Winning the Cold War With Room Temperature Biological Sample Storage
Susan Kulakowski, Stanford University
Stanford University has completed a pilot project to evaluate an innovative technology that promises to achieve sustainability goals by reducing laboratory energy consumption (along with associated costs and greenhouse gas emissions), optimizing the use of valuable laboratory space, and better protecting priceless biological samples in the event of an earthquake or other disaster. Using a stabilization technology developed by Biomatrica®, biological samples such as DNA and RNA can be safely protected and stored at ambient (room) temperature as opposed to traditional storage in ultra-cold freezers. This poster will discuss the results of the four-month project, which engaged 12 research laboratories to assess the number of samples that could be moved from freezers to ambient temperature storage, validate the Biomatrica technology, actually transfer 70,000 samples from freezer storage to room temperature storage, and extrapolate the potential benefits to the entire Stanford University campus over 10 years. Adoption of this technology for the existing sample collection alone offers potential to reduce the university's annual electricity use by nearly 2 million kilowatt-hours and chilled water consumption by more than 300,000 ton-hours (about 2 percent and 0.5 percent of the campus total, respectively), thereby avoiding more than 800 metric tons of carbon dioxide emissions.

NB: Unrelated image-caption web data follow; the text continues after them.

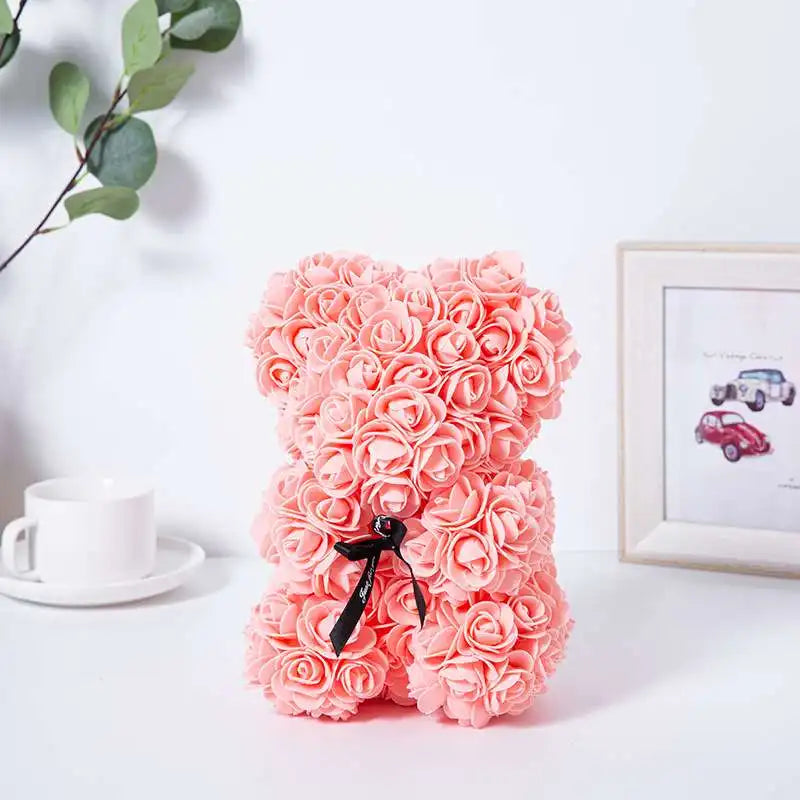 Rose bear teddy bear, 25cm flower bear teddy bear, Valentine's Day Gift, Christmas gift, birthday gift, party gift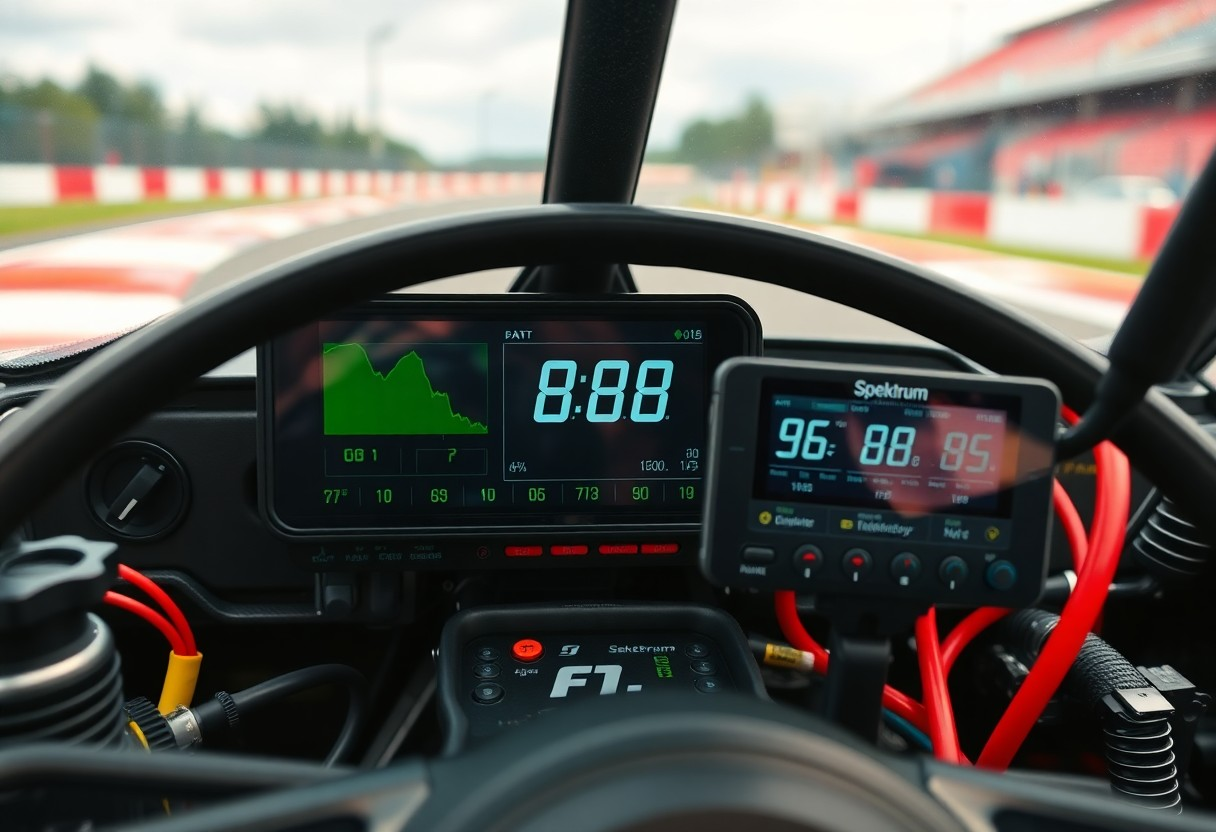 Race car dashboard with digital gauges and tech displays on a racing track background.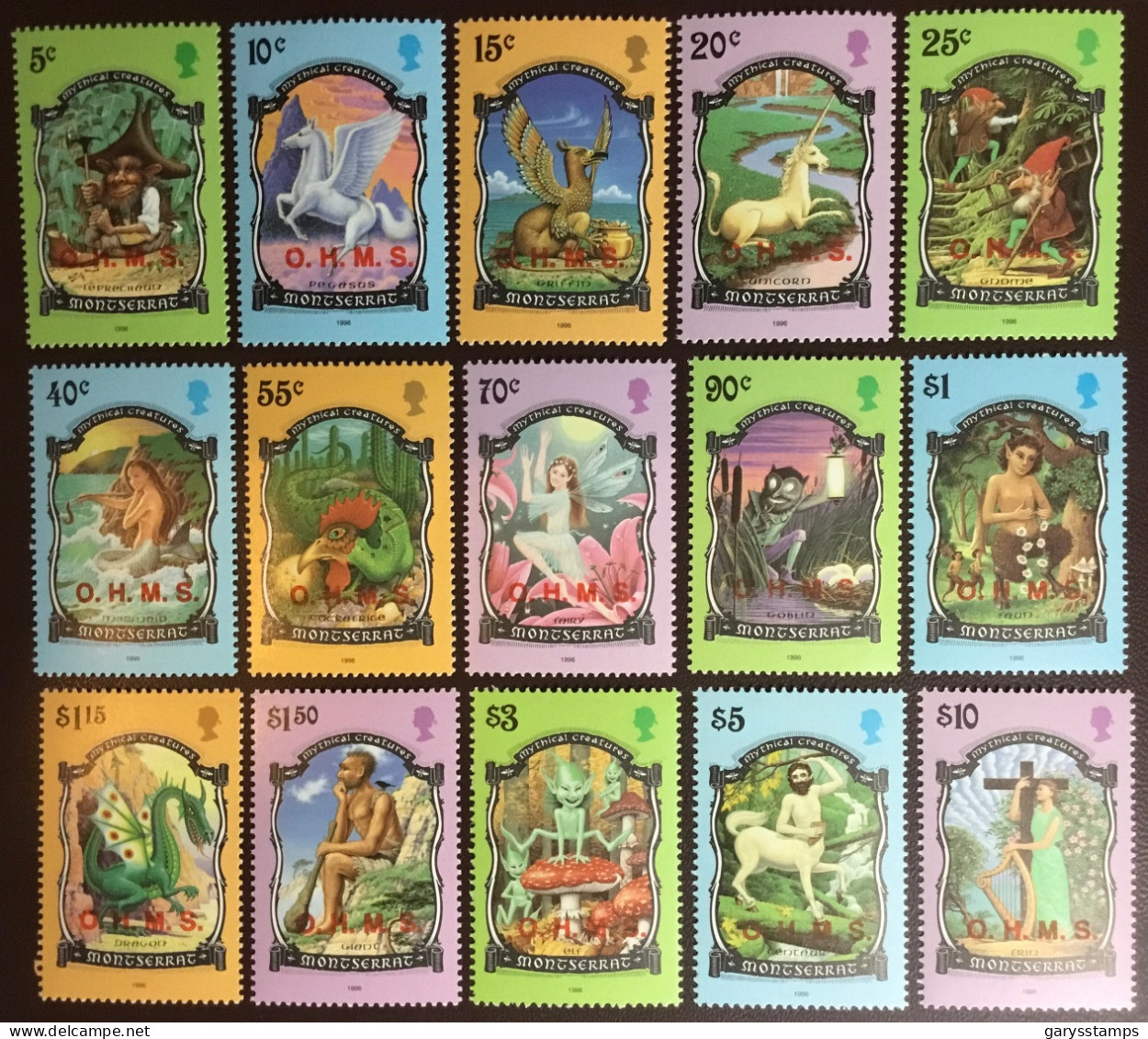 Montserrat 1997 Mythical Creatures Official Set MNH - Montserrat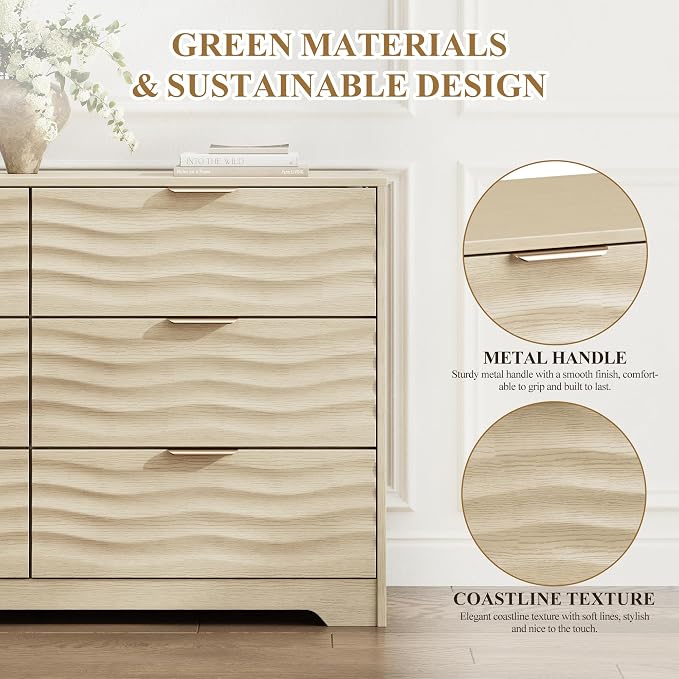 MALOL Coastline Fluted 6 Drawers Dresser for Bedroom, 48" Wide Modern Chest of TV Stand Organizers with Metal Handle, Storage Wooden Dresser Drawer for Living Room, Hallway, Closet, Natural Wood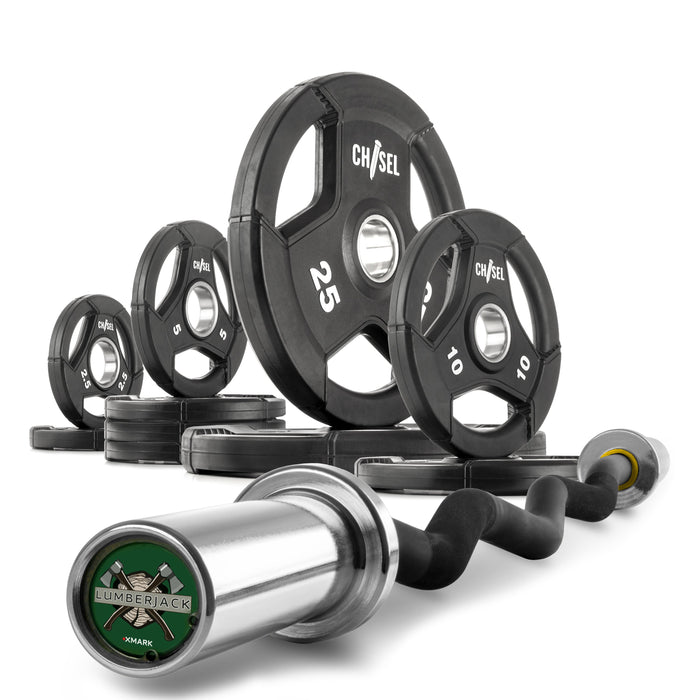 XMARK Chisel Olympic Weight Plates and Curl Barbell Sets CHISEL-CHISEL-BAL-65 - Sweatfully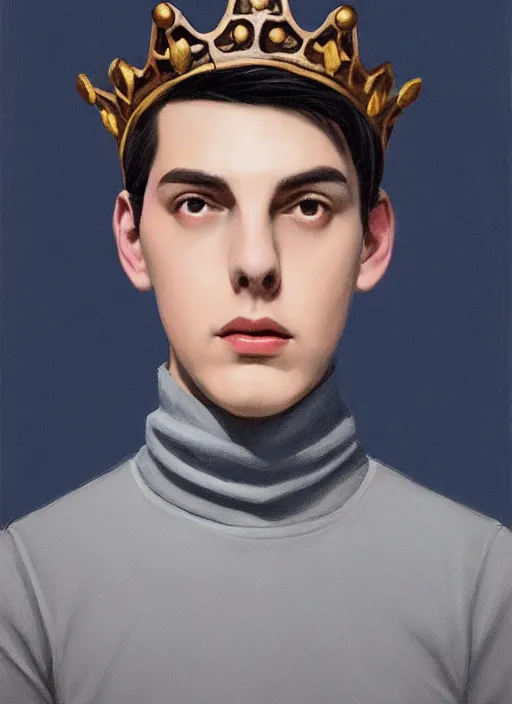 Image similar to portrait of teenage jughead jones wearing a light grey crown, crown, blue turtleneck, 1 9 5 0 s, closed eyes, photorealistic, black hair, glowing lighting, intricate, elegant, glowing lights, highly detailed, digital painting, artstation, concept art, smooth, sharp focus, illustration, art by wlop, mars ravelo and greg rutkowski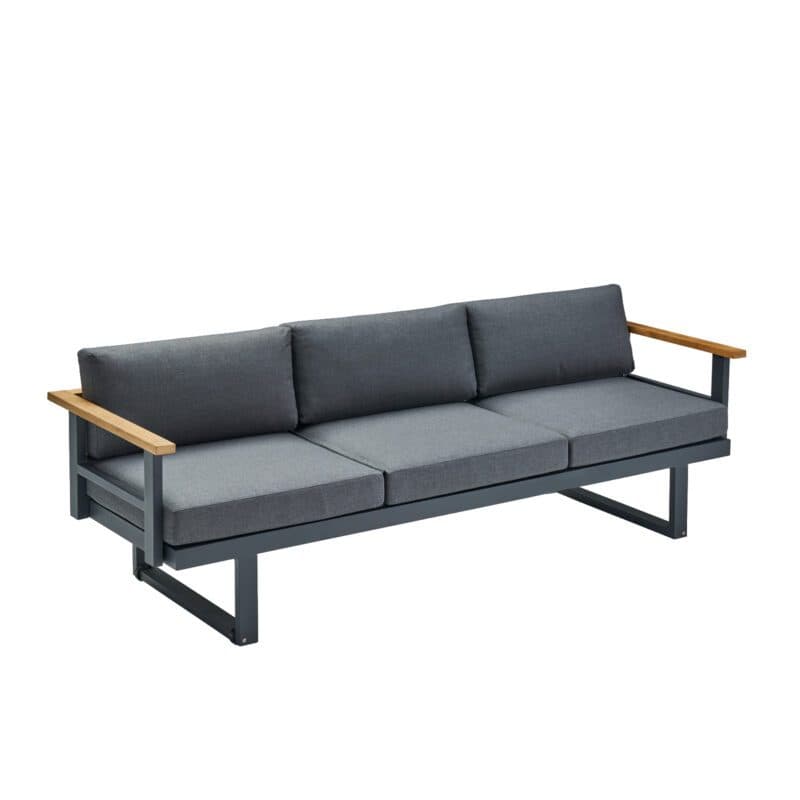 CASA DOMA "Aragona" 3-Sitzer Loungesofa, Teak, Gestell Alu anthrazit, Polster Tuvatextil® Panama grafito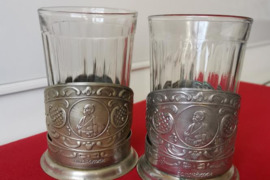 Vintažiniai, tarybinių laikų stiklinių laikikliai (podstakanikai) su užrašu ,,Zaporižia,,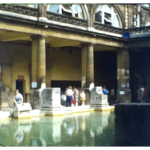 A still of the Roman Baths from a super 8 home movie taken in the West Country in 1977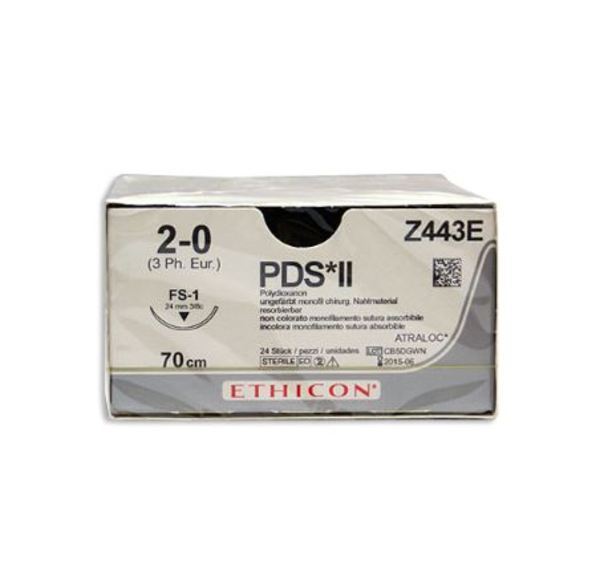 Sutur PDS II 2-0 FS-1 24mm steril 70cm ofärg 3/8 cirk omv skär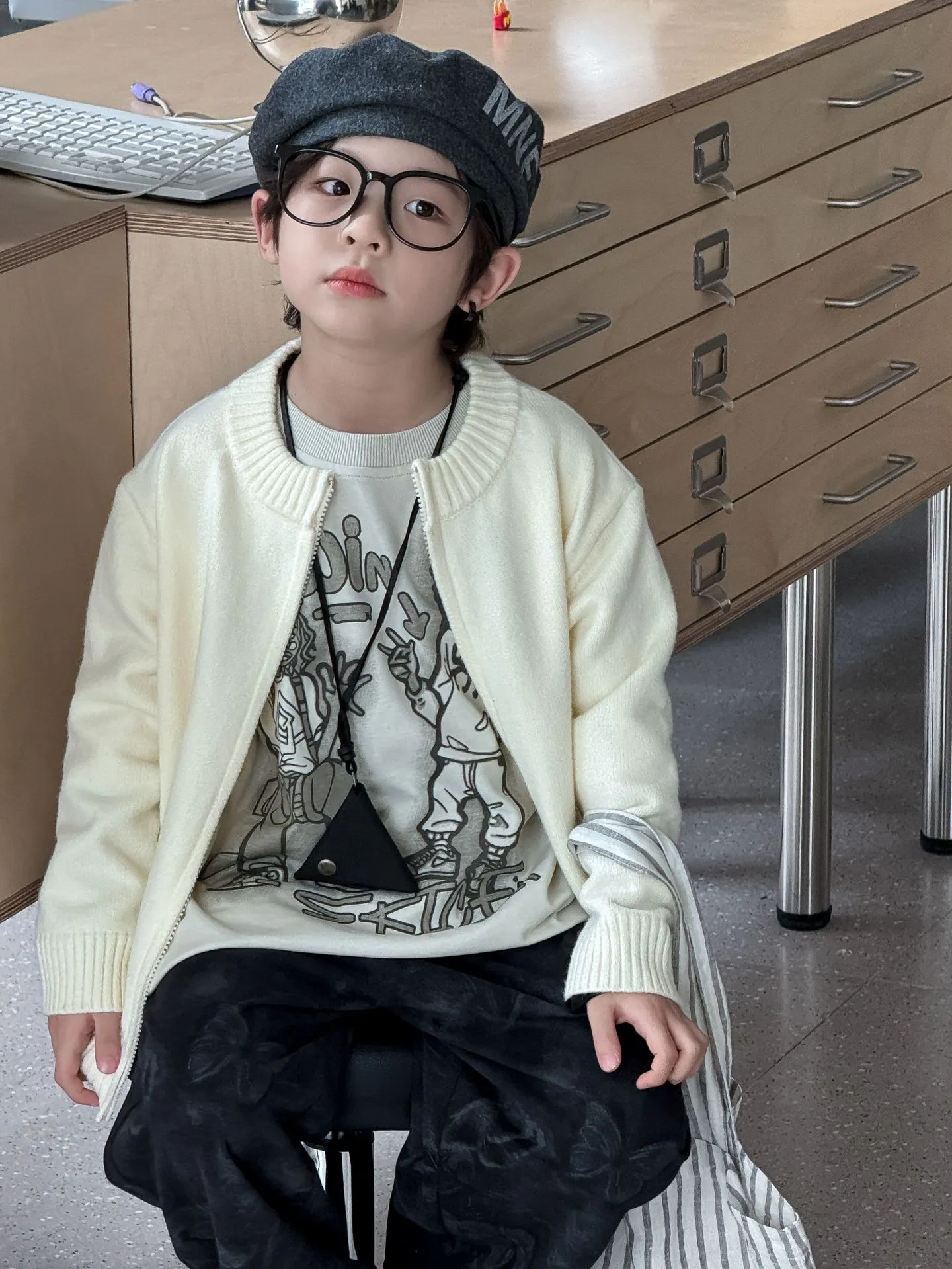【90-140cm】キッズ ファッション  男の子  ジッパー ニットカーディガン  セーター トップス 子供服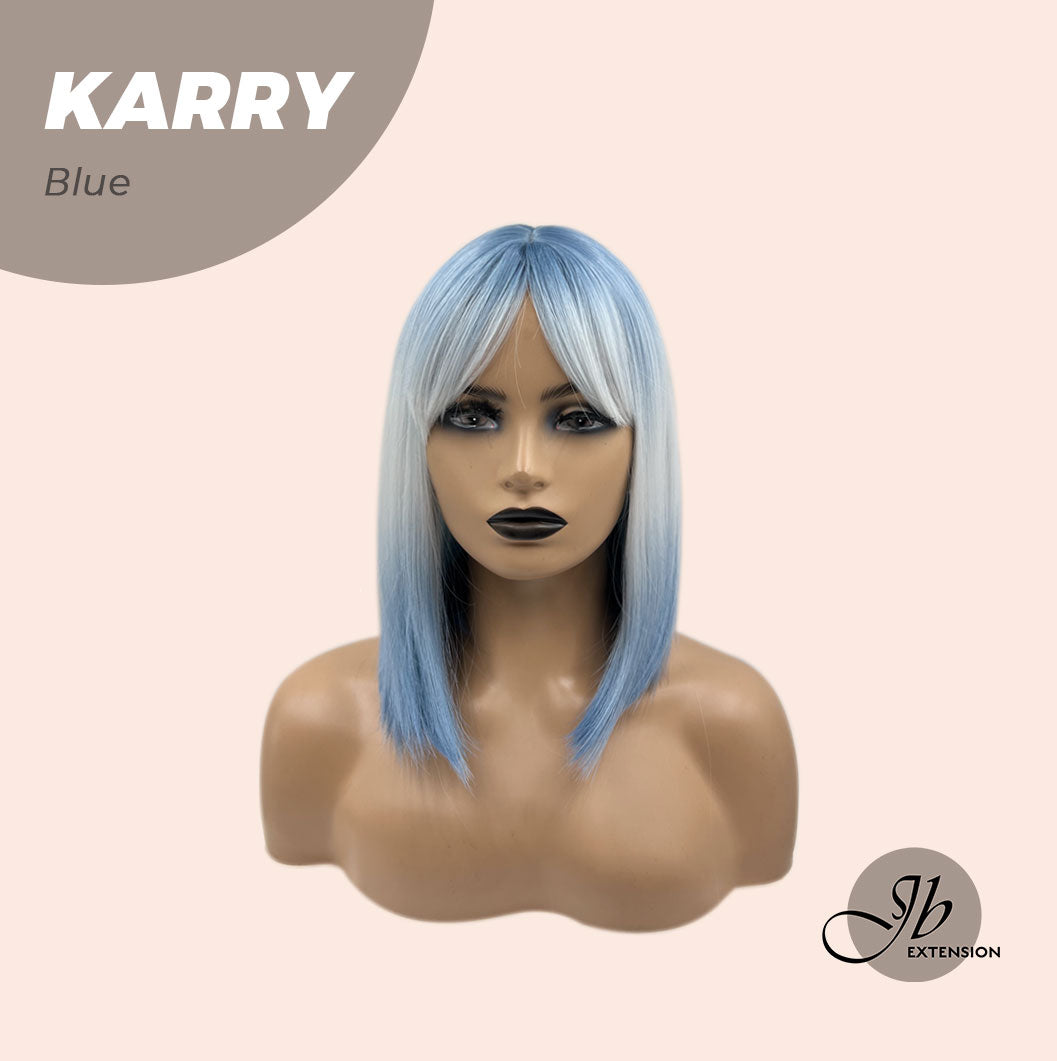 JBEXTENSION 12 Inches Bob Cut Short Straight Blue Wig KARRY BLUE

Such an investment in new sample storage technology could pay for itself within two years.
Biography:
Susan Kulakowski leads and coordinates activities to reduce demand for energy at Stanford University. She and her team manage major and minor energy retrofit programs, an electricity conservation incentive program, the annual winter break energy curtailment, and sustainable information technology initiatives. Ms. Kulakowski also seeks out and evaluates promising technologies, such as ambient temperature biological sample storage. Prior to rejoining the University in 2001, Ms. Kulakowski was a project manager with Energy Solutions, where she designed and administered nonresidential energy efficiency programs. She has a Bachelor of Arts in public policy from Stanford and earned her Master of Science from the Energy and Resources Group at the University of California at Berkeley.